Introduction
The human gustatory system allows the sense of the
following five basic tastes: Sour, bitter, sweet, salty and umami.
The biological mechanism of taste involves a series of electrical
signals triggered by molecular stimulations of the taste buds.
These impulses are conducted to the brain, which interprets these
signals as the appropriate taste (1,2).
Historically, tastes were evaluated with human
taster panels, which suffer from numerous limitations such as
tester fatigue, particularly in regards to bitterness. In the early
stages of drug development, this method is unsuitable because it
has a high cost and is potentially dangerous (3,4).
Therefore, analytical taste sensing tools such as the electronic
tongue (E-tongue) have been developed to increase safety and reduce
costs. E-tongue technology originated from multi-analyte sensing
technology between the 1980s and 1990s. The electronic nose was a
particularly powerful example of multi-analyte sensing and has been
employed in defense and environmental applications (5). Later, researchers extended this to
solution-phase analysis for a variety of chemical ‘tastes’.

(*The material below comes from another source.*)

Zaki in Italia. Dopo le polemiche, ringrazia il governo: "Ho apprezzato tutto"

Analytes include small molecules, proteins and whole blood cells
(6,7). At the core of the technology are
multiple sets of taste sensor arrays, whose surface is coated with
a ‘sensing membrane’ material similar to that in biological
systems. When a taste substance is adsorbed onto this membrane,
data is obtained from the resulting changes in membrane potential.
This technology offers an intelligent electronic recognition
system, which reflects the overall taste information of a sample
(1,8–10).
This taste-sensing technology has been applied to
the food industry (11,12) for >20 years in numerous roles,
including food traceability (13),
freshness (14), quality (15–17) and
safety inspection (18,19). Increasingly, this technique is being
applied in pharmaceutical fields (20–22),
where it is frequently used to evaluate the bitterness of medicines
and make improvements to their formulations (23–28).

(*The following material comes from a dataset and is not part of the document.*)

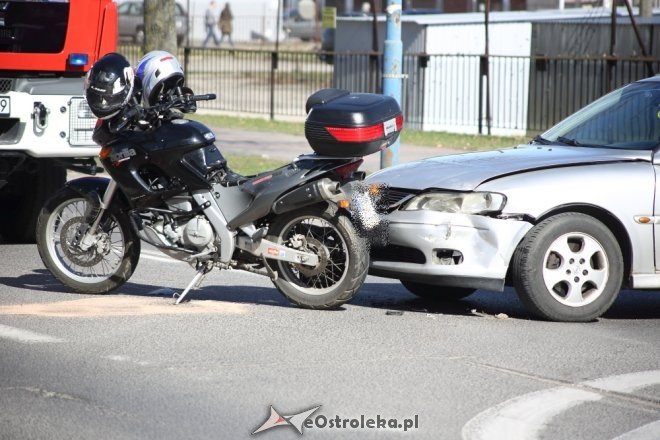 Wypadek z udziałem motocyklisty przy ulicy Hallera w Ostrołęce [ZDJĘCIA] - zdjęcie #4 - eOstroleka.pl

Although the collection of taste information of
foods and drugs using the E-tongue, and the following post-hoc
processing and analysis, is now fairly common, there remains
multiple unresolved issues in regards to precision and
reproducibility of the results, and the identification of taste
between different systems. The present study utilized the E-tongue
to collect taste information on medicines that have not been
characterized. To the best of our knowledge, this is the first
study to optimize the methodology of taste analysis using the
E-tongue (22–24). The method established was empirically
optimized, validated and applied to collect taste information of a
number of TCM decoctions.
Materials and methods
Apparatus
The present study was performed using an ASTREE II
electronic tongue (Alpha M.O.S, Toulouse, France). The E-tongue
consisted of a hexadecimal autosampler, a silver/silver chloride
reference electrode, a data acquisition system, a workstation
running AlphaSoft software (version 12; Alpha M.O.S, Toulouse,
France) and seven sensors. The seven sensors were called
ZZ2808-2-512 (ZZ), CA2804-2-440 (CA), DA2808-12-330 (DA),
BA2808-2-230 (BA), GA2808-2-361 (GA), BB2011-09-141 (BB) and
AB2011-10-010 (AB), and were specifically developed for measuring
bitterness. The sensors contain two semiconductor regions composed
of a thermal insulation material, each covered with a different
molecular membrane, with different adsorption properties and the
detection thresholds.
Preparation of berberine
hydrochloride, rhynchophylline, leonurine, matrine and quinine
samples
Samples were weighed using an electronic balance
(±0.1 mg accuracy) at room temperature and dissolved completely in
deionized water. Solutions of berberine hydrochloride (lot no.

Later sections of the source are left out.